Task directions:
Output the full listing verbatim.

======== Extracted information ========

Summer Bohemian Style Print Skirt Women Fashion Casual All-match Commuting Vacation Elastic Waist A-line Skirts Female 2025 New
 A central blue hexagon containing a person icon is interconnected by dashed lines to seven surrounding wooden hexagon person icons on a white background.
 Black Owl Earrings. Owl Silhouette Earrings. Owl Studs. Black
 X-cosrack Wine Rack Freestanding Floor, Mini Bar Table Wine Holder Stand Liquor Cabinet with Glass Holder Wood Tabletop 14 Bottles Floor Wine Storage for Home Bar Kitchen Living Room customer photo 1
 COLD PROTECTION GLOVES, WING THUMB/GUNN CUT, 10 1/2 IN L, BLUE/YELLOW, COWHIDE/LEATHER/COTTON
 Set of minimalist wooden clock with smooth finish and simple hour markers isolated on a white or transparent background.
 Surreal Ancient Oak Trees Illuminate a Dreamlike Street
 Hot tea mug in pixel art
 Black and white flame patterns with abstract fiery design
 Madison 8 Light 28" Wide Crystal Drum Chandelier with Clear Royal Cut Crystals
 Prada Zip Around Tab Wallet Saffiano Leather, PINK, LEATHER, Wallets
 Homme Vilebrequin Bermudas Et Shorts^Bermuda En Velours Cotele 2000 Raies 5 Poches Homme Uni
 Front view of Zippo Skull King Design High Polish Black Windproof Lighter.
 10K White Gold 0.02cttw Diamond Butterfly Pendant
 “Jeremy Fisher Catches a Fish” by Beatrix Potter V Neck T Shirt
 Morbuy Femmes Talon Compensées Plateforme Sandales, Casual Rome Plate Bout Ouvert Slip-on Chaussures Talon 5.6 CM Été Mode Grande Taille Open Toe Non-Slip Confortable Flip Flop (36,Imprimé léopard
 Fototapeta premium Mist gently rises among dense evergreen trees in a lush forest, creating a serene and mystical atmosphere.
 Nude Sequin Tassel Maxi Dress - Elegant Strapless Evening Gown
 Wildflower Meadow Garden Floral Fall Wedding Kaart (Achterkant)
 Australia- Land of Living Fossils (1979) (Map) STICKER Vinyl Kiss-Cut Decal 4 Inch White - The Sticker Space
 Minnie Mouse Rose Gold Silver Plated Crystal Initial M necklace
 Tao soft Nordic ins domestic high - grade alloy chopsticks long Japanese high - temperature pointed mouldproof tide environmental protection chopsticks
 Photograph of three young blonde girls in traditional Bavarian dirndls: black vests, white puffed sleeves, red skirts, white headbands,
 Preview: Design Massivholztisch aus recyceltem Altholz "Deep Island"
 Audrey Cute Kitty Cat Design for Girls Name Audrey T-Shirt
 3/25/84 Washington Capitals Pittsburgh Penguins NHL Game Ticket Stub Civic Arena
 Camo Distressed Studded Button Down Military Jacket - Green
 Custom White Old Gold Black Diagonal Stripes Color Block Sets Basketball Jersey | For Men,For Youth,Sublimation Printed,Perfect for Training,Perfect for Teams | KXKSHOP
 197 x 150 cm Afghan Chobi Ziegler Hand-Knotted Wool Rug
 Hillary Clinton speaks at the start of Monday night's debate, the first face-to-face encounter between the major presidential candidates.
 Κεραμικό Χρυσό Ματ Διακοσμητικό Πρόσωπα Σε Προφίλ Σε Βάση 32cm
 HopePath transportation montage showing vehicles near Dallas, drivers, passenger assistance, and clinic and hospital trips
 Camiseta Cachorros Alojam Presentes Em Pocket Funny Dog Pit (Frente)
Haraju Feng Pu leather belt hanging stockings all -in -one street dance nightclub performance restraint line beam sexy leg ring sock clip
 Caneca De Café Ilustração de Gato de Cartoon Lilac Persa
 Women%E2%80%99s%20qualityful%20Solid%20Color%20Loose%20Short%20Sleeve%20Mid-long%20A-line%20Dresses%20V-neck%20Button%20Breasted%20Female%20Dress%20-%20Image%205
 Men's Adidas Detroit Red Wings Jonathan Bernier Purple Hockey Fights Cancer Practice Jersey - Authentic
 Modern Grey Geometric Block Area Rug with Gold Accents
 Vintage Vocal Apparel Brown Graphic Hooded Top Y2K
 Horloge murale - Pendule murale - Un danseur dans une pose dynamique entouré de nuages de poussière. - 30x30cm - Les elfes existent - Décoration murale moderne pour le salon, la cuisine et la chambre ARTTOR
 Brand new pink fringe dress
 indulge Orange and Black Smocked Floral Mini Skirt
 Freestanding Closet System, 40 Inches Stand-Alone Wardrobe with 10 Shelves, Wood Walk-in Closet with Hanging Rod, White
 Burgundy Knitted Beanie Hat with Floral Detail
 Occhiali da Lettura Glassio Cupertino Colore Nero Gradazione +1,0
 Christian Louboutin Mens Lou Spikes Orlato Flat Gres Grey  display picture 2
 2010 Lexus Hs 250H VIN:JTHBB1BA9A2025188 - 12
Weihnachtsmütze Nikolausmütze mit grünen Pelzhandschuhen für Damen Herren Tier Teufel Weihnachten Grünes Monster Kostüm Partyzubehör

========

Answer below:
Summer Bohemian Style Print Skirt Women Fashion Casual All-match Commuting Vacation Elastic Waist A-line Skirts Female 2025 New
 A central blue hexagon containing a person icon is interconnected by dashed lines to seven surrounding wooden hexagon person icons on a white background.
 Black Owl Earrings. Owl Silhouette Earrings. Owl Studs. Black
 X-cosrack Wine Rack Freestanding Floor, Mini Bar Table Wine Holder Stand Liquor Cabinet with Glass Holder Wood Tabletop 14 Bottles Floor Wine Storage for Home Bar Kitchen Living Room customer photo 1
 COLD PROTECTION GLOVES, WING THUMB/GUNN CUT, 10 1/2 IN L, BLUE/YELLOW, COWHIDE/LEATHER/COTTON
 Set of minimalist wooden clock with smooth finish and simple hour markers isolated on a white or transparent background.
 Surreal Ancient Oak Trees Illuminate a Dreamlike Street
 Hot tea mug in pixel art
 Black and white flame patterns with abstract fiery design
 Madison 8 Light 28" Wide Crystal Drum Chandelier with Clear Royal Cut Crystals
 Prada Zip Around Tab Wallet Saffiano Leather, PINK, LEATHER, Wallets
 Homme Vilebrequin Bermudas Et Shorts^Bermuda En Velours Cotele 2000 Raies 5 Poches Homme Uni
 Front view of Zippo Skull King Design High Polish Black Windproof Lighter.
 10K White Gold 0.02cttw Diamond Butterfly Pendant
 “Jeremy Fisher Catches a Fish” by Beatrix Potter V Neck T Shirt
 Morbuy Femmes Talon Compensées Plateforme Sandales, Casual Rome Plate Bout Ouvert Slip-on Chaussures Talon 5.6 CM Été Mode Grande Taille Open Toe Non-Slip Confortable Flip Flop (36,Imprimé léopard
 Fototapeta premium Mist gently rises among dense evergreen trees in a lush forest, creating a serene and mystical atmosphere.
 Nude Sequin Tassel Maxi Dress - Elegant Strapless Evening Gown
 Wildflower Meadow Garden Floral Fall Wedding Kaart (Achterkant)
 Australia- Land of Living Fossils (1979) (Map) STICKER Vinyl Kiss-Cut Decal 4 Inch White - The Sticker Space
 Minnie Mouse Rose Gold Silver Plated Crystal Initial M necklace
 Tao soft Nordic ins domestic high - grade alloy chopsticks long Japanese high - temperature pointed mouldproof tide environmental protection chopsticks
 Photograph of three young blonde girls in traditional Bavarian dirndls: black vests, white puffed sleeves, red skirts, white headbands,
 Preview: Design Massivholztisch aus recyceltem Altholz "Deep Island"
 Audrey Cute Kitty Cat Design for Girls Name Audrey T-Shirt
 3/25/84 Washington Capitals Pittsburgh Penguins NHL Game Ticket Stub Civic Arena
 Camo Distressed Studded Button Down Military Jacket - Green
 Custom White Old Gold Black Diagonal Stripes Color Block Sets Basketball Jersey | For Men,For Youth,Sublimation Printed,Perfect for Training,Perfect for Teams | KXKSHOP
 197 x 150 cm Afghan Chobi Ziegler Hand-Knotted Wool Rug
 Hillary Clinton speaks at the start of Monday night's debate, the first face-to-face encounter between the major presidential candidates.
 Κεραμικό Χρυσό Ματ Διακοσμητικό Πρόσωπα Σε Προφίλ Σε Βάση 32cm
 HopePath transportation montage showing vehicles near Dallas, drivers, passenger assistance, and clinic and hospital trips
 Camiseta Cachorros Alojam Presentes Em Pocket Funny Dog Pit (Frente)
Haraju Feng Pu leather belt hanging stockings all -in -one street dance nightclub performance restraint line beam sexy leg ring sock clip
 Caneca De Café Ilustração de Gato de Cartoon Lilac Persa
 Women%E2%80%99s%20qualityful%20Solid%20Color%20Loose%20Short%20Sleeve%20Mid-long%20A-line%20Dresses%20V-neck%20Button%20Breasted%20Female%20Dress%20-%20Image%205
 Men's Adidas Detroit Red Wings Jonathan Bernier Purple Hockey Fights Cancer Practice Jersey - Authentic
 Modern Grey Geometric Block Area Rug with Gold Accents
 Vintage Vocal Apparel Brown Graphic Hooded Top Y2K
 Horloge murale - Pendule murale - Un danseur dans une pose dynamique entouré de nuages de poussière. - 30x30cm - Les elfes existent - Décoration murale moderne pour le salon, la cuisine et la chambre ARTTOR
 Brand new pink fringe dress
 indulge Orange and Black Smocked Floral Mini Skirt
 Freestanding Closet System, 40 Inches Stand-Alone Wardrobe with 10 Shelves, Wood Walk-in Closet with Hanging Rod, White
 Burgundy Knitted Beanie Hat with Floral Detail
 Occhiali da Lettura Glassio Cupertino Colore Nero Gradazione +1,0
 Christian Louboutin Mens Lou Spikes Orlato Flat Gres Grey  display picture 2
 2010 Lexus Hs 250H VIN:JTHBB1BA9A2025188 - 12
Weihnachtsmütze Nikolausmütze mit grünen Pelzhandschuhen für Damen Herren Tier Teufel Weihnachten Grünes Monster Kostüm Partyzubehör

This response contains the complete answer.